Philosophy teachers: What kind of discussion might you aim for in your classes. Here are some comments I’ve heard over several decades:
a. “You know how it is, if you’re going to say anything in a seminar, it has to be brilliant.”
b. “This is the philosophical method: someone puts up a position and everyone tries to knock it down.”
c. A dialogue:
Speaker One: It’s as though you stand on the top of a hill, and say to your students: This is my position, and anyone who wants to have their own position has to knock me off first.
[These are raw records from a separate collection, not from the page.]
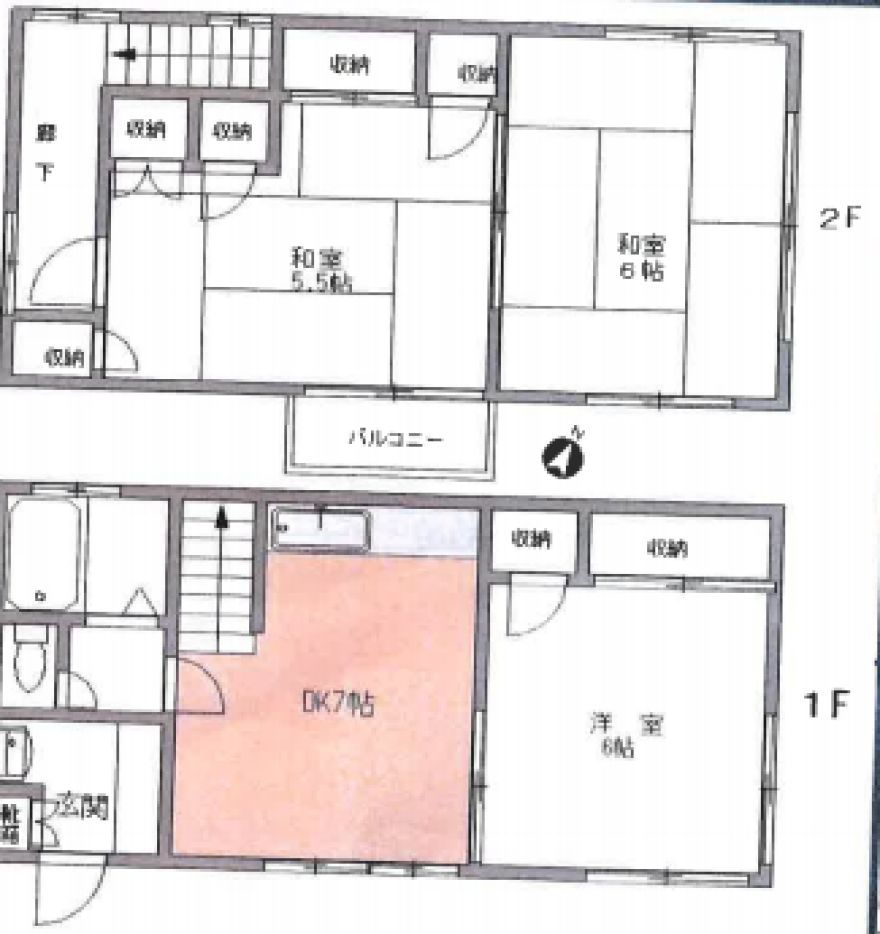 物件名の間取り図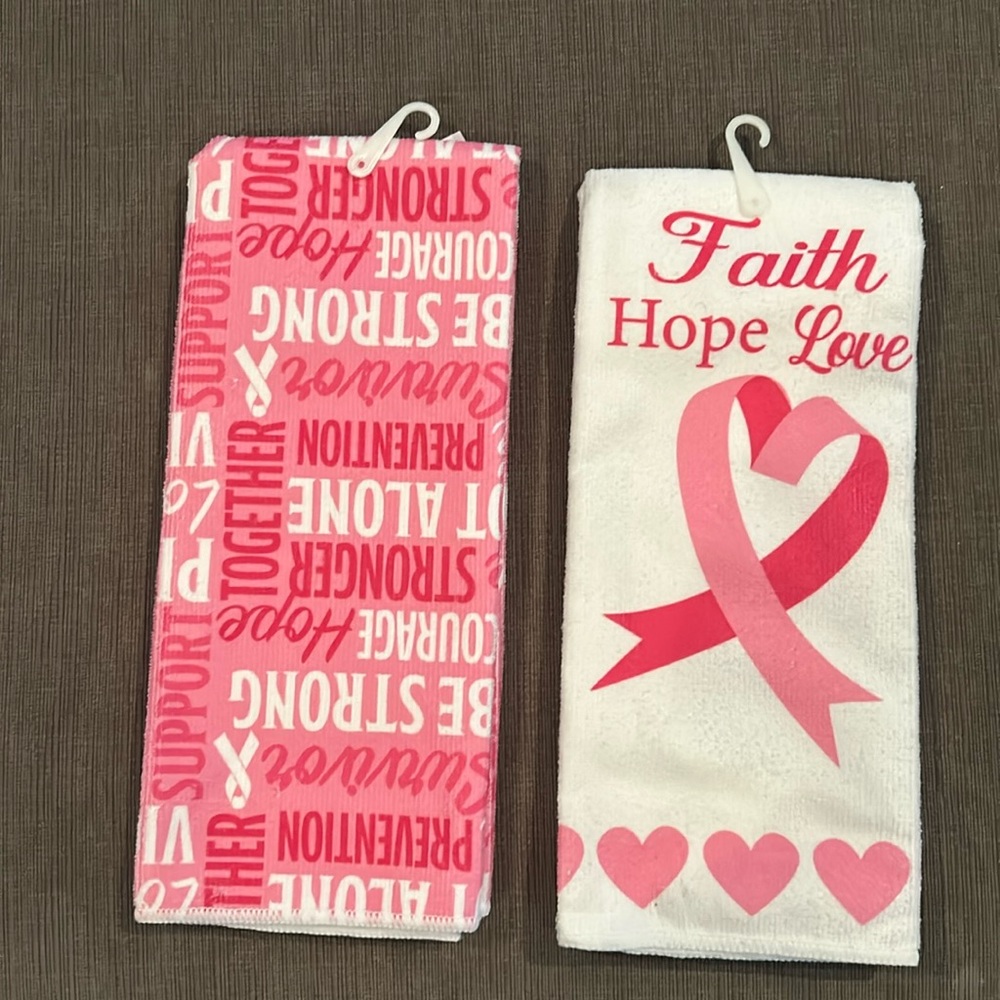 Breast Cancer Kitchen towel bundle of 2 NWT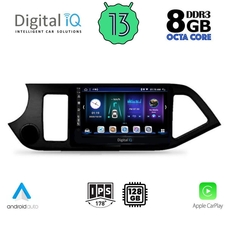 DIGITAL IQ BXD 8308_CPA (9inc) MULTIMEDIA TABLET for KIA PICANTO mod. 2011-2017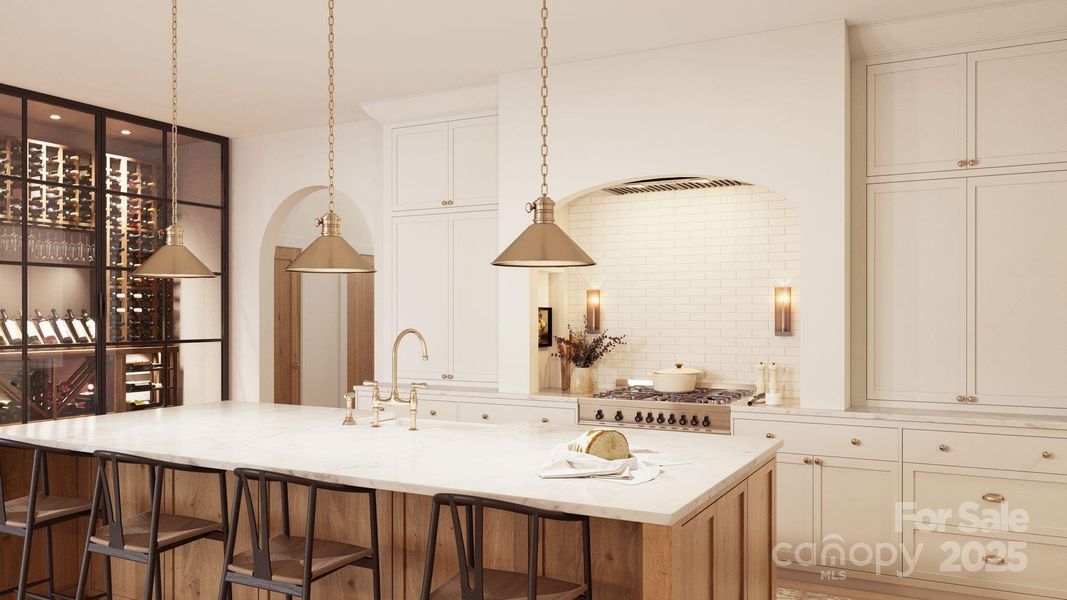 Furnished interior view inside a new home in , Connelly Springs (Image 6).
Speaker Two: Yes, that’s what I do best.
First, some obvious things to say: There’s been a lot of discussion of aggressive philosophy and the antagonist philosophical style. But there’s something else that’s more moderate, and that one suspects a lot of us find attractive. That’s the vigorous “exchange of ideas” that is actually carried on with quite a bit of evaluation. If you pursue this as a professor, you might find yourself saying, “Well, that’s not a bad idea, but it isn’t as strong as the first one, and it doesn’t really answer these other questions.” Or,” yes fair point, but most people nowadays have learned that doesn’t cut much philosophical ice.” Students can be very good at summing such remarks up.
Secondly, the less obvious: Research we looked at earlier this week strongly suggests that there’s a danger that such an environment dumbs down some students, and these students form identifiable groups. White women and Hispanics. It really shouldn’t be a surprise that styles in classes can have discriminatory effects, but now we are moving beyond the anecdotal to some ideas about how deeply seated the dumbed down reaction may be.
An opposite strategy: to try to find as much worthwhile in each comment as you can, and leave off evaluating the rest. Should one try something like that? Do the results we reported on before show that those of us who like to stir up a vigorous and challenging debate have obligation to reconsider? What do you think?